Finding errors and debugging in a cluster environment can be a bit tricky. Potential sources of error are snakemake, python, conda, slurm (or your cluster submission / workload manager system), all the tools being run, the grenepipe code itself, and the computer cluster (broken nodes, internet down, etc), and each of them manifests in a different way. That is an unfortunate part of any sufficiently complicated bioinformatics setup though. Often, some digging is needed, and we have to follow traces of log files.
For example, depending on the dataset, the default cluster settings might not work well. The most common issues are
- an issue with the input data,
- a cluster issue (e.g., a node failing) or a network issue (e.g., could not load a conda environment),
- running out of (wall) time, and
- running out of memory.
In these cases, slurm (and other workload managers) will abort the job, and Snakemake will print an error message such as
[Sat May 29 12:44:21 2021]
Error in rule trim_reads_pe:
jobid: 1244
output: trimmed/S1-1.1.fastq.gz, trimmed/S1-1.2.fastq.gz, trimmed/S1-1-pe-fastp.html, trimmed/S1-1-pe-fastp.json
log: logs/fastp/S1-1.log (check log file(s) for error message)
conda-env: /...
cluster_jobid: 8814415
Error executing rule trim_reads_pe on cluster (jobid: 1244, external: 8814415, jobscript: /.../snakejob.trim_reads_pe.1244.sh).
For error details see the cluster log and the log files of the involved rule(s).
Trying to restart job 1244.
If you cannot access this on-screen output, for example because you already closed your tmux session, you can also find the full Snakemake log output of each time that Snakemake was started in a hidden directory
.snakemake/log/
in the analysis directory (where the config.yaml
is), sorted by time.
This error message can be used to investigate the error and look at further log files with more detail:
-
First, the log file of the tool being run should be checked, which in the above case is
logs/fastp/S1-1.log
. If there was an issue with the input data, the cluster itself, or conda and the tool being run, this usually shows up here. In that case, you will have to fix the issue with the data or the tool, and run the pipeline again. -
If the problem is however related to cluster settings such as too little memory or time, this log file might be empty.
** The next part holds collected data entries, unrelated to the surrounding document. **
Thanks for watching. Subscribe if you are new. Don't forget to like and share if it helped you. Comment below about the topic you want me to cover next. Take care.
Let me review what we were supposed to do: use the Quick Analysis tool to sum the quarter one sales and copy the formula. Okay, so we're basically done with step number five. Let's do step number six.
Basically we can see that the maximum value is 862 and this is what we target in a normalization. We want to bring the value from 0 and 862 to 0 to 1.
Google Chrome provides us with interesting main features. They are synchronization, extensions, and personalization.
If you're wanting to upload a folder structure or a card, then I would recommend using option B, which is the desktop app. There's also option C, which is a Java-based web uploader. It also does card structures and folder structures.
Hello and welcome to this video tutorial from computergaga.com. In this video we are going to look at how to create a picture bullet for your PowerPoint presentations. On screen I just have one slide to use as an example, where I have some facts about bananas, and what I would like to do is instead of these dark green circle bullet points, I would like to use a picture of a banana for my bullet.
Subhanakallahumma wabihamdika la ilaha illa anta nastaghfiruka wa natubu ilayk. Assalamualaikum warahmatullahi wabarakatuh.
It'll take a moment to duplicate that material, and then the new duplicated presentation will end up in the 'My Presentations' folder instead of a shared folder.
In that case, check the slurm log files for this job, which are located in your analysis directory under
slurm-logs
(if you are using our slurm profile, see below).
The above Snakemake error message contains the external slurm job ID (
cluster_jobid: 8814415
, orexternal: 8814415
); use for examplefind slurm-logs/ -name "*8814415*"
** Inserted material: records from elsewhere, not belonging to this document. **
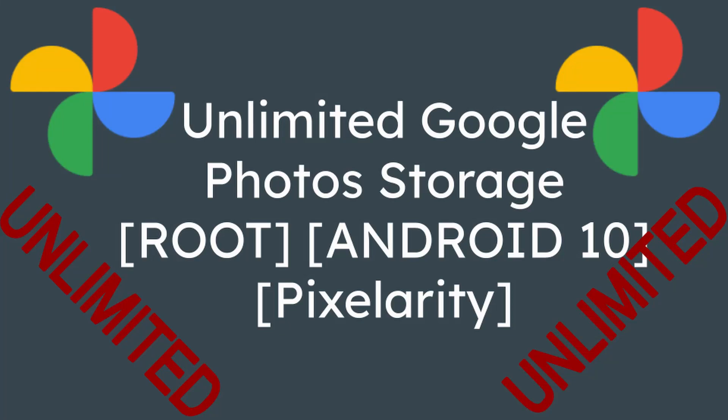Welcome to another Android tutorial. Today I will show you how to get unlimited Google Photo storage.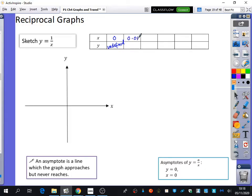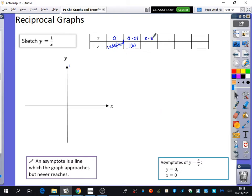I'm going to substitute in 0.01 — what do you get? 100. You can do that without a calculator: 1 divided by 0.01 is how many 0.01s go into 1? There's 100 of them. So at 0 I can't plot a point, but as soon as I go a tiny bit across from 0, I've got a really big positive number. So the graph is starting somewhere at the top — this is going to be a curve. If I try 0.5, what's 1 divided by 0.5? 2. So here it was at 100, and just moving along a little bit it's already come all the way down to 2.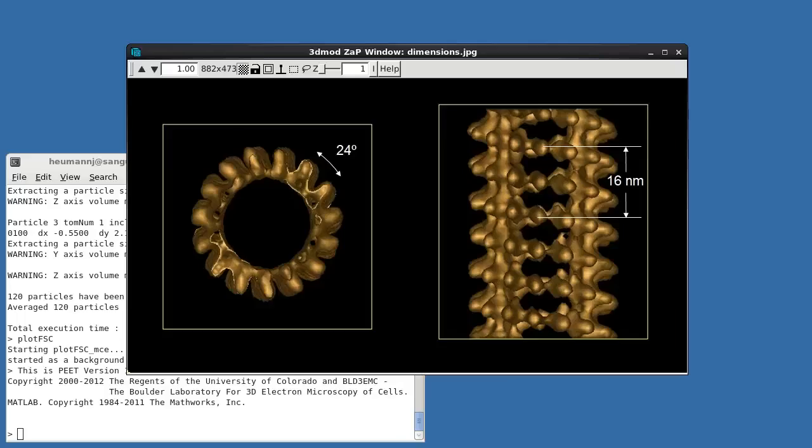Recall that we requested our averages be aligned vertically. This will be useful during symmetrization since axial rotations can be implemented as simple rotations around the y-axis. Vertical alignment is done only during final averaging, however, and as a result will not be reflected in the final motive list. The motive list angles reflect only the rotations required to align each particle to match the orientation of the reference. We'll need to apply an additional rotation to recover the desired vertical alignment.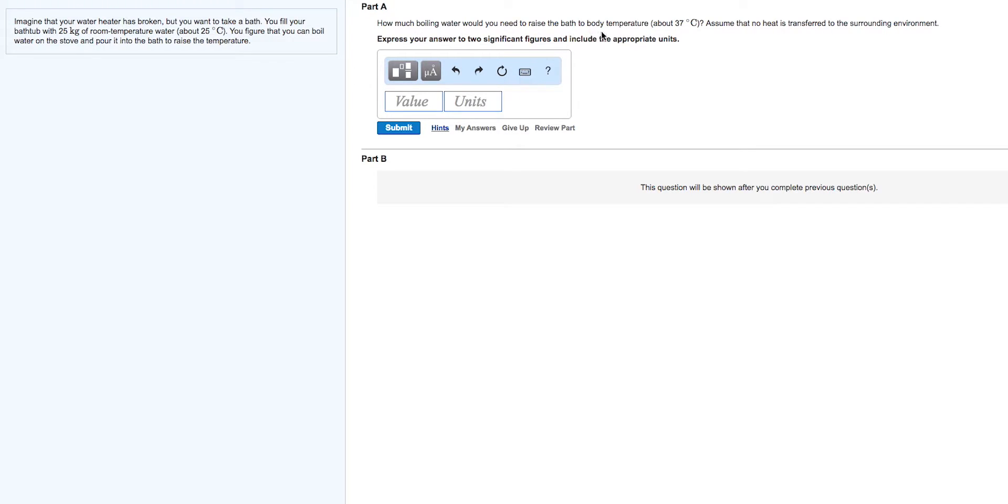How much boiling water would you need to raise the bath to 37 degrees centigrade? Start by expressing the energy of the tub by the equation Q equals mass times specific heat capacity times change in temperature.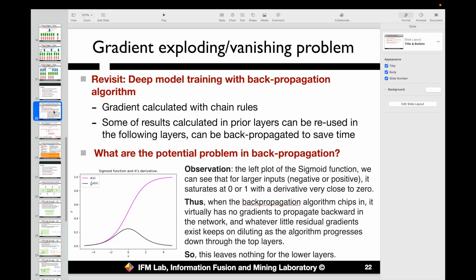So what is gradient vanishing and exploding? To explain this, we have to revisit deep learning model training with the backpropagation algorithm. We update variables by calculating the gradient with respect to those variables using the chain rule. Results calculated in prior layers can be reused in following layers, and we propagate these errors from the top layers to the bottom ones. This is what we learned in the previous lecture on the backpropagation algorithm.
to find the corresponding slurm log files. Of course, for other workload managers, and depending on where you obtained the--profile
from, this might differ. -
For example, you will find
slurm-logs/trim_reads_pe/snakejob.trim_reads_pe.sample=S1.unit=1.8814415.out slurm-logs/trim_reads_pe/snakejob.trim_reads_pe.sample=S1.unit=1.8814415.err
Typically, the
.err
file will contain a description of why slurm stopped the job. -
That file, usually at its end, might contain the hint that we are looking for:
slurmstepd: error: Detected 1 oom-kill event(s) in step 8814415.batch cgroup. Some of your processes may have been killed by the cgroup out-of-memory handler.
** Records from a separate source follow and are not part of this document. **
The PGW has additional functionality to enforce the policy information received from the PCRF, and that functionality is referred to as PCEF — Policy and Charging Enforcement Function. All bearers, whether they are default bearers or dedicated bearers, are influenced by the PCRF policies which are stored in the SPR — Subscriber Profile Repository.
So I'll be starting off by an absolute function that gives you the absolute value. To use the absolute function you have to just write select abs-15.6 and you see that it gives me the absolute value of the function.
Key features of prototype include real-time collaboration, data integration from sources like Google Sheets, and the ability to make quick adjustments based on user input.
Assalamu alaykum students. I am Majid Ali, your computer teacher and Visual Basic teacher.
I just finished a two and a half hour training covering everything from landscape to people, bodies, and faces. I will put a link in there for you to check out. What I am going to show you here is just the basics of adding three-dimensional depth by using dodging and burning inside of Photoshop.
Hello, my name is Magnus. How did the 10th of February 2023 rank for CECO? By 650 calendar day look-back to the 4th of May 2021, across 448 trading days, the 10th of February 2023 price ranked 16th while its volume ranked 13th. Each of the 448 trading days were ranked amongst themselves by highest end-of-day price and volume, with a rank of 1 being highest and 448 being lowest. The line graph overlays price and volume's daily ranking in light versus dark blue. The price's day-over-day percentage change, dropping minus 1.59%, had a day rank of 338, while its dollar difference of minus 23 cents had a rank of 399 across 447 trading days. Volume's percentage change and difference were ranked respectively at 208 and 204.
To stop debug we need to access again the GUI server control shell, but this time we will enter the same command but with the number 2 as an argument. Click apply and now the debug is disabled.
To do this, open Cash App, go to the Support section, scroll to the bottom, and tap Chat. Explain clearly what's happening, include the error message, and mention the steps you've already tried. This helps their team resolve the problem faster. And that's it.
So here, we ran out of allocated memory (
oom
= out of memory). When in doubt, just google the error message ;-)
Using this information, we can then edit your slum config file (e.g., profiles/slurm/cluster_config.yaml
, or the cluster_config.yaml
file in the --profile
directory that you used). In the above example, the task trim_reads_pe
ran out of memory, so we want to edit
trim_reads_pe:
mem: 1G
to
trim_reads_pe:
mem: 5G
to give it more memory. If time was the issue, change the line time: x
(or add that line if not present) to the respective entry. If there is no entry for the particular job step, you can add one in the same manner as the other job step entries in that file, and simply add a line for mem
or time
as needed. All other properties are inherited from the __default__
entry at the top of the file. See the Snakemake Profiles documentation, and if you are using slurm, see the Snakemake slurm profile template documentation for details.